In an important piece of research recently released, two smart analysts have put numbers to what many of us active in economic development in New York State have long been saying: there exists a deep, fundamental mismatch between the stylistic preferences of regionally based venture-capital firms and the kinds of innovation emerging from the state’s university R&D community.

The study by Judy Albers and Tom Moebus – both well known and respected players in the statewide innovation ecosystem ((Judy, now an entrepreneurship professor at SUNY Geneseo co-founded the Pre Seed Workshop program, and Tom runs several innovation programs for the SUNY Research Foundation)) – employs data from NVCA and other sources to nail the case that while the amount of venture capital under management in New York City is rising, it is specializing heavily in digital technologies (IT, software, media) and focusing on capital-efficient “quick hits,” often at the expansion phase, with high potential for fast liquidity and outsized returns. Almost none of that potential is available upstate, and consequently almost no regionally managed capital goes there.
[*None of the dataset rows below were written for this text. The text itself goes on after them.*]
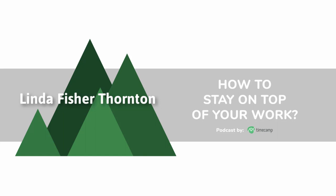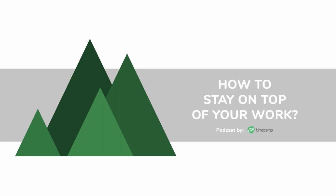Welcome to the podcast hosted by timecam.com on how to stay on top of your work. Welcome back. This is Kate with another episode of the podcast Stay on Top of Your Work.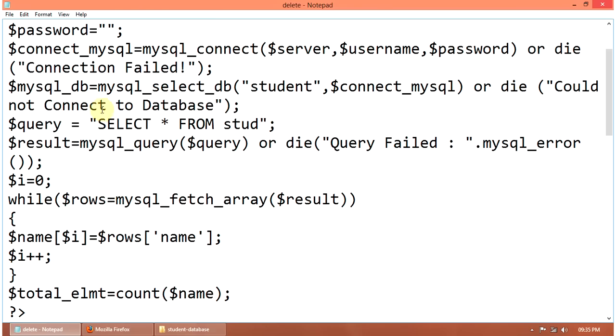Then select star from student to be set with name. Then result equal to MySQL query query. Or die query failed dot MySQL error.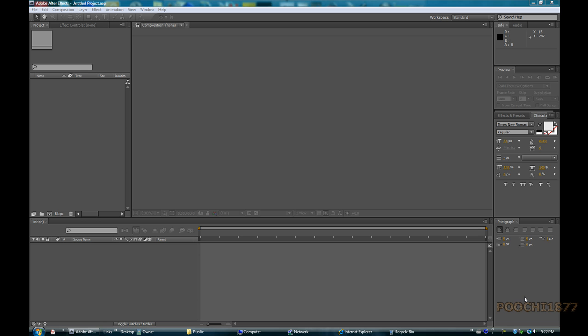What's up YouTube, Pucci1877 here with another video tutorial. In this tutorial I'm going to be showing you how to make a simple YouTube intro for your videos in Adobe After Effects CS4.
The authors show that while the VC industry in California and Massachusetts is more eclectic in its tastes, only a very small share of that money comes to New York to begin with, and exceptionally little makes its way upstate. That leaves ventures in what Albers and Moebus call the hard sciences (subdivided into the engineering technologies and life sciences) a long, hard slog with few early-stage investors (and almost no seed investors) either based here or deploying money anywhere in the state.